▸ WORK ITEM
Copy out each line of the entries below in which the string "Classic" appears.

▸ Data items
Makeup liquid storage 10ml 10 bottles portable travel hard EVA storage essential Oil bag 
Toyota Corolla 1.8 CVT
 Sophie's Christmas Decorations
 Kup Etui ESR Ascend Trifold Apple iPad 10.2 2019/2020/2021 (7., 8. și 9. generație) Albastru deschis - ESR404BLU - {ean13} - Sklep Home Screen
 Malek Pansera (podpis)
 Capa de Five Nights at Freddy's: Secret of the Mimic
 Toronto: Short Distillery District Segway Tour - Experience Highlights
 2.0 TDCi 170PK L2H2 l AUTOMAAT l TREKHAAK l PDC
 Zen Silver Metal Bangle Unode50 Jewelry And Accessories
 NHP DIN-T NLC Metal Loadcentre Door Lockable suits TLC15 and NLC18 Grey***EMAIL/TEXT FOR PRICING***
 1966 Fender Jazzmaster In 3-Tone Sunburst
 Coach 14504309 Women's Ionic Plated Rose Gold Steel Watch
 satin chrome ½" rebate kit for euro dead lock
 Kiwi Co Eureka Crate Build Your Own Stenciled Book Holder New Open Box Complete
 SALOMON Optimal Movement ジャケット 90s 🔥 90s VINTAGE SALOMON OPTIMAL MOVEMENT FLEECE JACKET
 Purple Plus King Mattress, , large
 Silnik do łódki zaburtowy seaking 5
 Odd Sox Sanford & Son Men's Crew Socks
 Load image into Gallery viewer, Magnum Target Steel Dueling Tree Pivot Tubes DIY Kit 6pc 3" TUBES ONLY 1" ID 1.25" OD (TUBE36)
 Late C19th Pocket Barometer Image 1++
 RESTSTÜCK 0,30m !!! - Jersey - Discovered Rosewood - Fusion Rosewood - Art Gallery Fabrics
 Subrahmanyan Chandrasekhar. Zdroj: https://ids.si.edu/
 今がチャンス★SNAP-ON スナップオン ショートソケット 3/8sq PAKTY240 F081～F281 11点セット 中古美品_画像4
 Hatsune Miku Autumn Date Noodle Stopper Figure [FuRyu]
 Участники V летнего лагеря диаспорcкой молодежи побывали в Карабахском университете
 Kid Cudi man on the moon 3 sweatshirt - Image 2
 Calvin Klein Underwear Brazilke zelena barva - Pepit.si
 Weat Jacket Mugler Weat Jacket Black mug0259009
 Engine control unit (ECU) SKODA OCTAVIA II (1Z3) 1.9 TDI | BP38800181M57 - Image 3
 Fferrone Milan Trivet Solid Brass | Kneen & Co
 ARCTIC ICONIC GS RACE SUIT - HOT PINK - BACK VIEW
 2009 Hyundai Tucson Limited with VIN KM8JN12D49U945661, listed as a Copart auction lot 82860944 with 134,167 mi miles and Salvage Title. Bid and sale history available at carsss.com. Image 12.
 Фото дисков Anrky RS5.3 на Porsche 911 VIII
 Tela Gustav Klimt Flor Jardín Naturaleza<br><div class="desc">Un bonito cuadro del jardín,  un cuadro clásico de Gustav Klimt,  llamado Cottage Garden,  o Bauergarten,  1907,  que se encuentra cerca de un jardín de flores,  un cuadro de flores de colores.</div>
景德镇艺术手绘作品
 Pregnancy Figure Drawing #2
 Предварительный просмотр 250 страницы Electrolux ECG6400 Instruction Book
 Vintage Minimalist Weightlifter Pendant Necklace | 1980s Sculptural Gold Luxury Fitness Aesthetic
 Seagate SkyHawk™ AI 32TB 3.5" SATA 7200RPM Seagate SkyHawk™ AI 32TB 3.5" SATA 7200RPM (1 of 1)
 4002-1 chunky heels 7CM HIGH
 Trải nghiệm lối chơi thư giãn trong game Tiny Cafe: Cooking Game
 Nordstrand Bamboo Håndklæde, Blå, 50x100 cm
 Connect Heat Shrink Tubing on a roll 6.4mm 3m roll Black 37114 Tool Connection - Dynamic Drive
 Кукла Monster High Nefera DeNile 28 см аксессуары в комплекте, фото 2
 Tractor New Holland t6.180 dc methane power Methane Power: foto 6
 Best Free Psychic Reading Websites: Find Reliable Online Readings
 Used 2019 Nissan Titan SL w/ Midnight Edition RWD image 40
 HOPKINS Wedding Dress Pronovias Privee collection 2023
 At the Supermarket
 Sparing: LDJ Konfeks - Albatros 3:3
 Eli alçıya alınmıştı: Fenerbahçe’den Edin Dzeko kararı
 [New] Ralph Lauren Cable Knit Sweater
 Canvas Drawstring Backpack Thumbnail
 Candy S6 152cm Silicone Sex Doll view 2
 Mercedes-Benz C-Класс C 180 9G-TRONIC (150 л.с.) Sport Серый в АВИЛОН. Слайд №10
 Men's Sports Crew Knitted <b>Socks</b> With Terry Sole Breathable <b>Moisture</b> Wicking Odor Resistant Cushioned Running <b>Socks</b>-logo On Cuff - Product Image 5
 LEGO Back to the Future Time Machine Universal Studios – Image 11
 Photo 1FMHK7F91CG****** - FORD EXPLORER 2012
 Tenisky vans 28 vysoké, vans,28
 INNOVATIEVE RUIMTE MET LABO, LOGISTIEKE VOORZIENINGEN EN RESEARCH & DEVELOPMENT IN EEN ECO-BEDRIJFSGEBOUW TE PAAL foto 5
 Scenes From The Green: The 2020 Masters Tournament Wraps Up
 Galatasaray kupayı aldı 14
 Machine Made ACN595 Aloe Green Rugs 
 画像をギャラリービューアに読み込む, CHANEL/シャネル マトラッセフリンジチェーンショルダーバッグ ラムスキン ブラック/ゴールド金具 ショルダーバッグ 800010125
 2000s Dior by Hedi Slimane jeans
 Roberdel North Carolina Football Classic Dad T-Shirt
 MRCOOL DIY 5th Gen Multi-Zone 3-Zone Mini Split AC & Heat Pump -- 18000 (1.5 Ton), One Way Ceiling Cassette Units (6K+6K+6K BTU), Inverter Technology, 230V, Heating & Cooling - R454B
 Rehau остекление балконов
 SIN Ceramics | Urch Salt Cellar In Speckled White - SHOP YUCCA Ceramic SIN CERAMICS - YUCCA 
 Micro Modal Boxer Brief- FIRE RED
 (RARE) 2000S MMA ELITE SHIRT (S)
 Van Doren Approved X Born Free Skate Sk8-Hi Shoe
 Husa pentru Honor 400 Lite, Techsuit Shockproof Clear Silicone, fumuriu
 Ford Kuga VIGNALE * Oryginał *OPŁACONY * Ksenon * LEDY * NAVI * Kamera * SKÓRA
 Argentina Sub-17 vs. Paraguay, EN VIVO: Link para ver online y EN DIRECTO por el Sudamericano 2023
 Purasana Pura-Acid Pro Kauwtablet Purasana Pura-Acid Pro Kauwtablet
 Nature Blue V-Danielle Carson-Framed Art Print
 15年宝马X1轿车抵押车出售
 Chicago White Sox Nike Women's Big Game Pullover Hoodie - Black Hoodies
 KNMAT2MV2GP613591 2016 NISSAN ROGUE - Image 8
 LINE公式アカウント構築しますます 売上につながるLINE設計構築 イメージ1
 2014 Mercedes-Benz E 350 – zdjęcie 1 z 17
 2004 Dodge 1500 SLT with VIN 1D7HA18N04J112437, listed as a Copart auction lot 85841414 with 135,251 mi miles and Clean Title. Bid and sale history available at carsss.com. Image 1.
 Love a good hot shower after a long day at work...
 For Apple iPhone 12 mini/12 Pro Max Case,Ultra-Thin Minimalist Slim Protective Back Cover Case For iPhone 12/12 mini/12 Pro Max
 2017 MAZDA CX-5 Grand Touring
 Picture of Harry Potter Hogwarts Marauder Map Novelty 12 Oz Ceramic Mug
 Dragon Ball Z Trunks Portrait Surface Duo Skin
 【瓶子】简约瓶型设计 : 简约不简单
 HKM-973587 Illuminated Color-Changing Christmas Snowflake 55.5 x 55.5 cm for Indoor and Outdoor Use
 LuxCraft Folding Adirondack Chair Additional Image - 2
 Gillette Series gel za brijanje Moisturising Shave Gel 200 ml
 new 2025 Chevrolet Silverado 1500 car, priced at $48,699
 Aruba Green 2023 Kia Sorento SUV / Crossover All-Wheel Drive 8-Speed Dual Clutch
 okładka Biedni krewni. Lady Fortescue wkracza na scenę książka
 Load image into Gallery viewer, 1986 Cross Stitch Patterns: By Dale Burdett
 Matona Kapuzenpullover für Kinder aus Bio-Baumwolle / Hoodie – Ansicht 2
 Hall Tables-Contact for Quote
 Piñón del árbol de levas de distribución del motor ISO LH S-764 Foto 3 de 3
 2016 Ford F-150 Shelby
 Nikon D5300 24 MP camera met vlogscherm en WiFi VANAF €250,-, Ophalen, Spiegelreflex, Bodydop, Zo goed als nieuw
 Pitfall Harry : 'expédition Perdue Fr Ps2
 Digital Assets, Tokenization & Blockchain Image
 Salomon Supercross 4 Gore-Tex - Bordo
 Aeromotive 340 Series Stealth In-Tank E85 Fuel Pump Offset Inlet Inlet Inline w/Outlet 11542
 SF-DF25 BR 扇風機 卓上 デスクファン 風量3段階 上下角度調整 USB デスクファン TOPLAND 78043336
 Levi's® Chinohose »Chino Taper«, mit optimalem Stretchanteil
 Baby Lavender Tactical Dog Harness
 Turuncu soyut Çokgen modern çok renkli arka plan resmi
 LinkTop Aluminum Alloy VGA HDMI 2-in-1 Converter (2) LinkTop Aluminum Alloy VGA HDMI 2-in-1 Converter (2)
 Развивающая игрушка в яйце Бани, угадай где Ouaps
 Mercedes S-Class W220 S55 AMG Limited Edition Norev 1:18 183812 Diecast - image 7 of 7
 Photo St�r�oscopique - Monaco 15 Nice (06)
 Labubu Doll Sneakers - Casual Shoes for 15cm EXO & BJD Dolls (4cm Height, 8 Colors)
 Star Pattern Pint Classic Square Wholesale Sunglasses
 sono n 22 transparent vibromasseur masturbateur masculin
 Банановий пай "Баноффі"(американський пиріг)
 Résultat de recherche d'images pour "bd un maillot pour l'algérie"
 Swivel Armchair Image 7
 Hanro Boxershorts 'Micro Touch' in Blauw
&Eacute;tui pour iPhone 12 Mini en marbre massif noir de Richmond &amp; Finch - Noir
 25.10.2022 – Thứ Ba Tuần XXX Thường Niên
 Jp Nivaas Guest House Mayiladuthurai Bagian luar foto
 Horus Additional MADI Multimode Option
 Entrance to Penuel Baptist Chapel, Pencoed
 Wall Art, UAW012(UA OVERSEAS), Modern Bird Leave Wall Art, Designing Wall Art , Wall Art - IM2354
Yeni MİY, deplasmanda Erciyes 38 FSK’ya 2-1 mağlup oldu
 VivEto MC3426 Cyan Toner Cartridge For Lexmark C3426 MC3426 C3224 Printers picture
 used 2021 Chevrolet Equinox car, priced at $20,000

▸ PROBLEM SOLUTION
 Roberdel North Carolina Football Classic Dad T-Shirt
 Star Pattern Pint Classic Square Wholesale Sunglasses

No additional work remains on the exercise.